Image color saturation, tonal contrast and image sharpening are all edits done in the camera before they can be displayed on the rear LCD.
But each of those edits is done to the entire image (global edits).
So you use a shallow DoF to create a blured background, and then the JPEG editing sharpens that blurred background making it a little less blurred. That's like taking your six-shooter out of your holster and shooting yourself in the foot.
Who was it that decided how your JPEG photos should be edited? A bunch of Japanese camera software engineers who would never see your photo, that's who.
Your camera is designed to let you change how much, but not where in the photo, each of those JPEG edits are done, but the range of adjustment they provide is crude and not nearly as precise as edits done using image editing software.
Lets assume that is all OK with you, and you figure you'll spruce up the editing using PsE 10.
We have to back up some, but it's worth it to stay with me.
Your D7000's image sensor initially records
everything you shoot as a Raw image data file. It does that so it can translate the color information it records as 12-bit or 14-bit numbers (your choice in the D7000 menus). You may wonder what that has to do with anything, but it's known as bit-depth -
Bit Depth.
The biggest number 12-bits can represent is 4096. The biggest number 14-bits can represent is 16,384. In other words, when you set your D7000 to record at a 12-bit depth it can record a maximum of 4096 different gradations of color tone in each of the 3 color channels - Red, Green, and Blue (RGB). When set to the 14-bit depth the maximum gradations of color tone that can be recorded in each of the 3 color channels increases to 16,384 per color channel.
Your D7000 is likely still set to the default - 12-bits, and that's OK for Raw capture.
You're shooting JPEG and wondering what you gain by shooting Raw. JPEG only allows a maximum bit-depth of 8-bits, which is only 256 gradations of color tone in each of the 3 color channels.

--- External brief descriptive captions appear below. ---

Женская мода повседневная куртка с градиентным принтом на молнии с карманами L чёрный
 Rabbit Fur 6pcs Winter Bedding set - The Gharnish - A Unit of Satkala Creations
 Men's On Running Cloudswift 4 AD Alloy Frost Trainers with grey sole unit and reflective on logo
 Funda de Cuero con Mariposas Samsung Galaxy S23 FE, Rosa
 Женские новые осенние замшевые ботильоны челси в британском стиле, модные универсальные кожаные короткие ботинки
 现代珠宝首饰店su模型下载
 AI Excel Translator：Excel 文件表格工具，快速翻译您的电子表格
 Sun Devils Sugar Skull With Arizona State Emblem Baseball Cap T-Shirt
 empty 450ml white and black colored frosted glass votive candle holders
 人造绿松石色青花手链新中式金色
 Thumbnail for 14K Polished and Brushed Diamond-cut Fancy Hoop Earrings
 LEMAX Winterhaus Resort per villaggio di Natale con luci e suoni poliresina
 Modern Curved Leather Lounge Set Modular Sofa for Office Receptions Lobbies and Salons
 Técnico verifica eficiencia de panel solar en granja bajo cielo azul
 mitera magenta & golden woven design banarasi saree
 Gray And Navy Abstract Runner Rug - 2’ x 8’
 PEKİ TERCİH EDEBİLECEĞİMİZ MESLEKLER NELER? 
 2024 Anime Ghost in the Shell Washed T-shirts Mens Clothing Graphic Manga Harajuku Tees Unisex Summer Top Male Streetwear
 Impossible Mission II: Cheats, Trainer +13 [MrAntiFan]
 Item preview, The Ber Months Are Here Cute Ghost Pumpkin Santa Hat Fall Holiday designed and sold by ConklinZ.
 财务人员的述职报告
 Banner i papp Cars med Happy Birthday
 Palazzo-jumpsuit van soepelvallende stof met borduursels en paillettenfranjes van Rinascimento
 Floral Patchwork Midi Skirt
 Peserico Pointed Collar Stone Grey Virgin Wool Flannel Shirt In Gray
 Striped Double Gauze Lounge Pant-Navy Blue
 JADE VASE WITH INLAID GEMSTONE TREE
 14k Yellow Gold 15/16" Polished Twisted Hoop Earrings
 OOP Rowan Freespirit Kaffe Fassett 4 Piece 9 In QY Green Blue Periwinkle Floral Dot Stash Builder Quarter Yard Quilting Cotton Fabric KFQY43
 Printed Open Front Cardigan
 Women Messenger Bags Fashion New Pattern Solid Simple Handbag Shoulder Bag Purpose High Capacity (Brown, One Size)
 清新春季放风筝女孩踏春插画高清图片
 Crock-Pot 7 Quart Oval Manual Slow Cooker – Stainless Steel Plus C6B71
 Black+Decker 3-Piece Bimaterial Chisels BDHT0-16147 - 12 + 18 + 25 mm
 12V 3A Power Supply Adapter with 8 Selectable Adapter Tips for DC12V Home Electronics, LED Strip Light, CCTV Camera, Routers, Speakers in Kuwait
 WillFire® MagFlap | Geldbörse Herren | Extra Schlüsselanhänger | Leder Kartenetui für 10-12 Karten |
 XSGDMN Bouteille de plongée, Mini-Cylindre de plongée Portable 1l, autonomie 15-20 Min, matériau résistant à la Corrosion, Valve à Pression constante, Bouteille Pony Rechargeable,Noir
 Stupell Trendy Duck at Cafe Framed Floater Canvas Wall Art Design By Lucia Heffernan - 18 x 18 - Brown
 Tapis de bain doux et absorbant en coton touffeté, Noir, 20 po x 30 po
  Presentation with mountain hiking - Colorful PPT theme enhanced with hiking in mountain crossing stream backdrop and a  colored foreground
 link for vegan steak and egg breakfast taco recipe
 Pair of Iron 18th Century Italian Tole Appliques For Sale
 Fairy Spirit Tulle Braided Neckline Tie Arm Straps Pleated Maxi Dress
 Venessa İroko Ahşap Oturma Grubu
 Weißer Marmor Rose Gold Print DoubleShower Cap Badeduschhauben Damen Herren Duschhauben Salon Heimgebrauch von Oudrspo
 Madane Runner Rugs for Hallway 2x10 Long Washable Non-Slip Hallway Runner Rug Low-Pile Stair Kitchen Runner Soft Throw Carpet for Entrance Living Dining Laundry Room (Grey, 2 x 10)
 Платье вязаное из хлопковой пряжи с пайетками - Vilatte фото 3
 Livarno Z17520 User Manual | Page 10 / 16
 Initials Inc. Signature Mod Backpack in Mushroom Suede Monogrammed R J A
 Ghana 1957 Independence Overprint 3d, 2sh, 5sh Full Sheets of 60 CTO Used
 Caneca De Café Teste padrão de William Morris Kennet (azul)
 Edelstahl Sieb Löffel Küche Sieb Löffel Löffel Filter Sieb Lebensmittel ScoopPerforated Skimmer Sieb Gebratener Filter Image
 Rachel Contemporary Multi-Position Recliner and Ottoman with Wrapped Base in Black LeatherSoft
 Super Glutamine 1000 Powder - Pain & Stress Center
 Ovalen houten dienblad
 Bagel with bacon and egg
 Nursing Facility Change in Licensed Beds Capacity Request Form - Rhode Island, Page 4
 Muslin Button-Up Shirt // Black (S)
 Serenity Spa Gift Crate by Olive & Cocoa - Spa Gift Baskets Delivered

In other words, between the time you release the shutter, and your JPEG gets written onto your memory card, the gradations of color tone in each of the 3 color channels gets reduced from 4096 gradations of color tone in each of the 3 color channels, to just 256 gradations of color tone in each of the 3 color channels.
That's about 80% of the color data your D7000 image sensor captured. The way the camera reduces the from 4096 to 256 is really simple. It simply throws away 3840 gradations of color tone in each of the 3 color channels.
But, that's only part of the story, because JPEG isn't done making changes, which you have no control over, to your photo. JPEG also converts the 16.2 million pixel into 8x8, 8x16, or 16x16 pixels units called Minimum Coded Units, which then become the smallest portion of a JPEG you can edit.
An 8x8 pixel square, which is 64 pixels, in essense just became a single pixel, essentially (for post process editing purposes) making your D7000 a 0.25 MP camera. (16,200,000 dividd by 64 = 253,125)
All of that is why
JPEGs have little, if any, post process editing headroom.
But, we all know there is no such thing as a free lunch.
To get the maximum editing headroom we record the Raw file to our memory cards.
Every Raw file needs some amount of editing to become a finished, photograph.
You really should save the Raw, the .PSD and the JPEG. The Raw file is the most valuable of the 3.